Mitchell gets her protein from kale and grains. She takes a B-12 supplement and snacks on almonds, dates, walnuts, humus and fresh veggies. She also bought a food dehydrator and makes her own kale chips (see recipe on 3C).

The couple start their day with steel-cut oatmeal and salad for lunch, perhaps a dish with lentils and mushrooms for supper.

And, yes, there is the occasional "cheat." While being interviewed, Mitchell sipped on a cafe mocha that included skim milk. Most of the time she avoids all meats, eggs and dairy.

"I keep my iPad close by, and when I want to find a recipe, I find one. There are plenty of websites out there for help," she said.

Mitchell says the Joplin area offers a variety of restaurants that cater to vegans. Among them are Mohaska Farmhouse and Eagle Drive-In in Joplin and Eden's Bakery in Webb City. She said even Steak 'n Shake is offering a veggie burger.

The healthy eating doesn't stop with one generation. Mitchell's daughter, Whitney Backsen, who lives in Lake Ozark with her family, writes the blog Squash Blossom Babies. There she gives healthy recipes, some of which Mitchell shared.

Mitchell said that one of the many the payoffs of a plant-based diet is feeling energized.

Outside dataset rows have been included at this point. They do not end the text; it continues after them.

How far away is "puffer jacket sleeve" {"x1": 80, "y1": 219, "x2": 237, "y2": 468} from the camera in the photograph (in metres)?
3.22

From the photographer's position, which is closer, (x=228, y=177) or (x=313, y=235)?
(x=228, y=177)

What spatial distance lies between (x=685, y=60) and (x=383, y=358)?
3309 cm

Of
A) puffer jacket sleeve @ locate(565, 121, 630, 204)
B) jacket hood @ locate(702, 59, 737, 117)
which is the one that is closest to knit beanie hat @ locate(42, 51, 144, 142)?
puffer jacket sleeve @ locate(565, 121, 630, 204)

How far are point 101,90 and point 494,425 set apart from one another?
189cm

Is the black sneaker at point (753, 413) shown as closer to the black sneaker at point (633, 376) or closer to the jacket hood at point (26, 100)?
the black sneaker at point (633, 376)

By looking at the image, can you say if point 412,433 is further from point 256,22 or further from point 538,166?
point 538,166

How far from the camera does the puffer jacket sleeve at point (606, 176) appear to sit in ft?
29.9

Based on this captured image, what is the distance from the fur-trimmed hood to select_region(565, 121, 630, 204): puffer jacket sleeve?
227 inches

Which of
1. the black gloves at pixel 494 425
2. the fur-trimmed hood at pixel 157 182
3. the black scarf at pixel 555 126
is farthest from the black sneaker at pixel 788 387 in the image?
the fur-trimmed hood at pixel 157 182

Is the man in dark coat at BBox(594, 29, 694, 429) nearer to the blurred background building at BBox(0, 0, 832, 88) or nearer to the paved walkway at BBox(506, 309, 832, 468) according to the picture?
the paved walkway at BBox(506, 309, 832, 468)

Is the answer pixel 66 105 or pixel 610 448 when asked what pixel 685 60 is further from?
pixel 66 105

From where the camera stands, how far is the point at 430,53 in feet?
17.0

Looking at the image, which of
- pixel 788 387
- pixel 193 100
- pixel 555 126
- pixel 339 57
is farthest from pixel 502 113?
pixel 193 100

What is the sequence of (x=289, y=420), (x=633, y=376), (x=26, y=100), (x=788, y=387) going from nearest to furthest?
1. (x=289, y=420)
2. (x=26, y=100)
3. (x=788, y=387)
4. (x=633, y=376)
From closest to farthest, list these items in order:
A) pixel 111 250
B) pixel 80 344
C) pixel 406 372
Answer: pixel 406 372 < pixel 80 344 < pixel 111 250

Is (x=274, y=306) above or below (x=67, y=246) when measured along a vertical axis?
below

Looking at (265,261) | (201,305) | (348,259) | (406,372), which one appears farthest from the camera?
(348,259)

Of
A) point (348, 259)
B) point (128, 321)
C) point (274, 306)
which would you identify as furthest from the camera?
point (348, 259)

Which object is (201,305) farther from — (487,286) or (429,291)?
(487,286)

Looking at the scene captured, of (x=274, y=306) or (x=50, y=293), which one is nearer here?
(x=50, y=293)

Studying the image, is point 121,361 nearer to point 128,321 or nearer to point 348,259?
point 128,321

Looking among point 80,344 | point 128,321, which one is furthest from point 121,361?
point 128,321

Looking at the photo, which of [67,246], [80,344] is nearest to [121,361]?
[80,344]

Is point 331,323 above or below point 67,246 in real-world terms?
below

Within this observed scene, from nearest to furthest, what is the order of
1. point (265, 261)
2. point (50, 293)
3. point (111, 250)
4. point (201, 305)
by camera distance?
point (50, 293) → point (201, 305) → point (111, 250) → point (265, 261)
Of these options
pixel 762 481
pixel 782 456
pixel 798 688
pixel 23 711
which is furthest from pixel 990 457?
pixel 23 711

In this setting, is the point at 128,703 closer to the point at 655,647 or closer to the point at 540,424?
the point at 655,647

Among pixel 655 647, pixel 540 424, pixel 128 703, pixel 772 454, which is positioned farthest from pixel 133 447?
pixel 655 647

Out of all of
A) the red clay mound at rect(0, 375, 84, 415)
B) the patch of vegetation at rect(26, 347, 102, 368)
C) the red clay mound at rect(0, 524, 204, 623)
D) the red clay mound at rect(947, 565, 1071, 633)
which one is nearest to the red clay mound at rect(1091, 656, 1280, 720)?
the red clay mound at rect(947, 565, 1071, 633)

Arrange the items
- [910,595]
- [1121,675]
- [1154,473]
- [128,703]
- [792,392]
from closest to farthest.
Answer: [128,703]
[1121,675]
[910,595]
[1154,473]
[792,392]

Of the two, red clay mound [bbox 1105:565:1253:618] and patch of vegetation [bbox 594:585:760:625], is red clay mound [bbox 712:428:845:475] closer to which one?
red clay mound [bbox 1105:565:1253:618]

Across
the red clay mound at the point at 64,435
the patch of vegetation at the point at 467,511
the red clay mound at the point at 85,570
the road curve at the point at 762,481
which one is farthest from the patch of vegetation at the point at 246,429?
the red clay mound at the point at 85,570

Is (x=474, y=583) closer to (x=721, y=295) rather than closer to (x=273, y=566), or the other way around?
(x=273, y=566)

"It helps with weight, and you don't feel stuffed. In fact, you feel great."


Zucchini and black beans over quinoa

1 tablespoon extra virgin olive oil

11/2 cups zucchini, quartered and sliced (1 large zucchini or 2 small)

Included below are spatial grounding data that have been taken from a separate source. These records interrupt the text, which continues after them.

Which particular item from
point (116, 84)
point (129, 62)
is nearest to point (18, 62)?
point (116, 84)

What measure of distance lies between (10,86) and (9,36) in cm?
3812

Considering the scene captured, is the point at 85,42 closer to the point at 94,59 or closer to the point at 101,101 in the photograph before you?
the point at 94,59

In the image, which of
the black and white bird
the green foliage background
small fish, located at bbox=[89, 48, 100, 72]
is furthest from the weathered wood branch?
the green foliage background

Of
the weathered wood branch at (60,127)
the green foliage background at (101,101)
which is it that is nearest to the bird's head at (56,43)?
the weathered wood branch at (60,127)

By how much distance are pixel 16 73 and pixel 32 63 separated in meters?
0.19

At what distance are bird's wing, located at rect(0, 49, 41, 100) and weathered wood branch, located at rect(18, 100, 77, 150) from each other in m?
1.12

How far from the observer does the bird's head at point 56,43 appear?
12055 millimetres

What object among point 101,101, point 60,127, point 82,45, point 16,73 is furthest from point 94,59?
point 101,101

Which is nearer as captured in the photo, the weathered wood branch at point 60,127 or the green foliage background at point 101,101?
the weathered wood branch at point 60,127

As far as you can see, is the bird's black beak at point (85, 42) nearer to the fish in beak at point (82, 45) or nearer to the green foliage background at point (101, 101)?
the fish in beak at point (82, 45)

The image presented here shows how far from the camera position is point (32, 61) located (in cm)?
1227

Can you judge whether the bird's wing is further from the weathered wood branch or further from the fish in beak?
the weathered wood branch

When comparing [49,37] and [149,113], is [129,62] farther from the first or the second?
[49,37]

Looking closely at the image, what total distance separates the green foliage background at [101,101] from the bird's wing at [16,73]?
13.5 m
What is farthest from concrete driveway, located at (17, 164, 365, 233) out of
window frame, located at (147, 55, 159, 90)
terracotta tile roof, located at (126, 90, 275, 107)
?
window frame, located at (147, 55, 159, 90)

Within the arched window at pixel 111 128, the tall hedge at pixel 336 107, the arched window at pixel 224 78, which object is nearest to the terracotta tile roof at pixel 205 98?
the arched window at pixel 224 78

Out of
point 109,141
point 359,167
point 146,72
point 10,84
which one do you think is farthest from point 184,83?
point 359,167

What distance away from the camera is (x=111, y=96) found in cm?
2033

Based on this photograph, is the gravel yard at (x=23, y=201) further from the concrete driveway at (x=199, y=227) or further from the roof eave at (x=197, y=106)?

1/2 green bell pepper (or any other color you have), diced

1 can black beans, drained and rinsed

1 can fire-roasted diced tomatoes

1/4 cup water

1/2 cup cheddar cheese (optional)

1 cup quinoa

Combine 1 cup quinoa and 2 cups of water in a saucepan. Bring to a boil, then reduce to a simmer; cover and cook until the water is absorbed, about 10 to 15 minutes. Meanwhile, heat the oil in a skillet over medium heat and add the zucchini and peppers. Cook for about 8 minutes. Add the beans, tomatoes and water and simmer for about 5 to 10 minutes. Serve in a bowl with a large spoonful of quinoa and the zucchini mixture on top. Serve with grated cheese if desired.

Source: Squash Blossom Babies


Kale freezer pops

Note: You don't have to tell anyone there's kale in them.

15 strawberries

3 bananas

2 cups kale

Clean the strawberries, peel the bananas and rinse the kale. Blend in the food processor or blender until smooth. Pour into freezer pop molds, freeze and enjoy.

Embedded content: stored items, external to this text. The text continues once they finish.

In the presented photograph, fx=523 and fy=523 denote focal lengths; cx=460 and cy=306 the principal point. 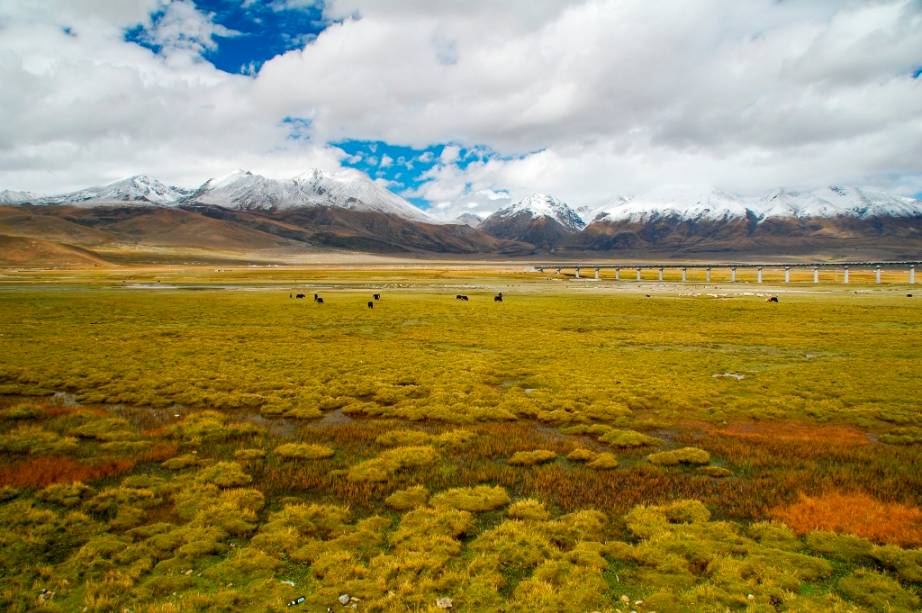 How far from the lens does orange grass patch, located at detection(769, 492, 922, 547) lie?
13.2 meters

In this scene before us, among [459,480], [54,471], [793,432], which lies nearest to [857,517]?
[793,432]

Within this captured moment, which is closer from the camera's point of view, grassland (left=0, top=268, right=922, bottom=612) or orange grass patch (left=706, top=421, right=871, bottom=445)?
grassland (left=0, top=268, right=922, bottom=612)

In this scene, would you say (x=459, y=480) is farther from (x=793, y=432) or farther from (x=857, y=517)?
(x=793, y=432)

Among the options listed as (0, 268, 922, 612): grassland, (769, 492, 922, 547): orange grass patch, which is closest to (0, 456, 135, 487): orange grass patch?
(0, 268, 922, 612): grassland

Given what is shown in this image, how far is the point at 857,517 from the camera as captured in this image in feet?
46.3

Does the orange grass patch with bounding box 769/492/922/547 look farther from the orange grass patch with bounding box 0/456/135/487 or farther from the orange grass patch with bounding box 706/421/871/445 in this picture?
the orange grass patch with bounding box 0/456/135/487

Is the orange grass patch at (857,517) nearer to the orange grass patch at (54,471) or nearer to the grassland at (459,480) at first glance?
the grassland at (459,480)

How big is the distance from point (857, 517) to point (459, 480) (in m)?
11.1

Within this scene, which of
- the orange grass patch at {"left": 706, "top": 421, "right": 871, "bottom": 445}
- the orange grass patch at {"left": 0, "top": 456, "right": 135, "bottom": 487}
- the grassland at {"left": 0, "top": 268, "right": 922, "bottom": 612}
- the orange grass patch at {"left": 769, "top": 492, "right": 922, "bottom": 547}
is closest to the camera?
the grassland at {"left": 0, "top": 268, "right": 922, "bottom": 612}

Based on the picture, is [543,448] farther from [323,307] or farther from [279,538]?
[323,307]

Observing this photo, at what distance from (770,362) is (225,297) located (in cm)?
7928

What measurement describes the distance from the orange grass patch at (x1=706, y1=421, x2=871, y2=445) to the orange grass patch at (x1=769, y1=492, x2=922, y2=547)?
590 centimetres

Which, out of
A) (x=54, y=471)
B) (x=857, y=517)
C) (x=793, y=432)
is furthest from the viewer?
(x=793, y=432)

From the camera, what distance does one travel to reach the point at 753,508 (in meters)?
14.9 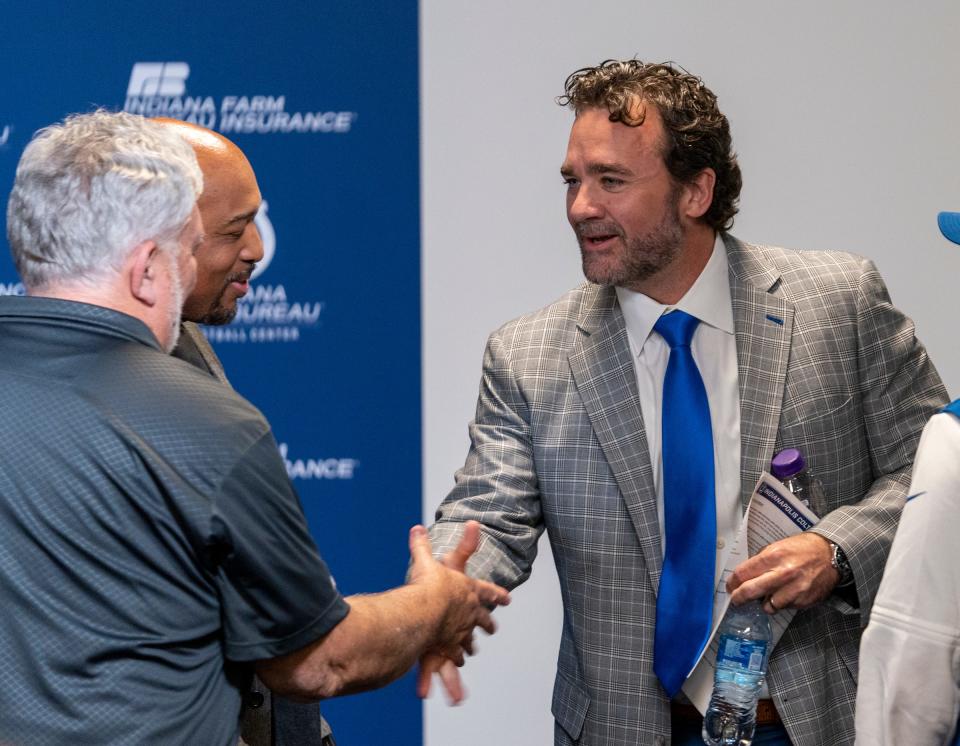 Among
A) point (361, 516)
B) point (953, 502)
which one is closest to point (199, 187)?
point (953, 502)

Source: Squash Blossom Babies


'Cheddar' kale chips

1 cup red bell pepper, seeded and chopped

1 cup cashews

2 tablespoons nutritional yeast

4 tablespoons water

2 tablespoons agave nectar

1 tablespoon olive oil (Mitchell substitutes water)

1/2 teaspoon sea salt

Blend all ingredients in a blender, then pour over one bunch of kale stripped from stem and torn into chip-size pieces. Coat evenly and spread on dehydrator trays. Mitchell uses an Excalibur dehydrator.

Source: Ani's Raw Food Essentials


Homemade vegan chicken-style broth powder

1 1/3 cup good-tasting nutritional yeast flakes

3 tablespoons onion powder

2 1/2 tablespoons sea salt

2 1/2 teaspoons garlic granules or powder

1 tablespoon soy milk powder

1 tablespoon white beet sugar

1 teaspoon dried thyme

1 teaspoon finely crumbled dried sage (not powdered)

1 teaspoon paprika

1/2 teaspoon turmeric

Blend in dry blender. Makes about 11/2 cup. Store in an airtight container and use 1 level tablespoon per cup of water.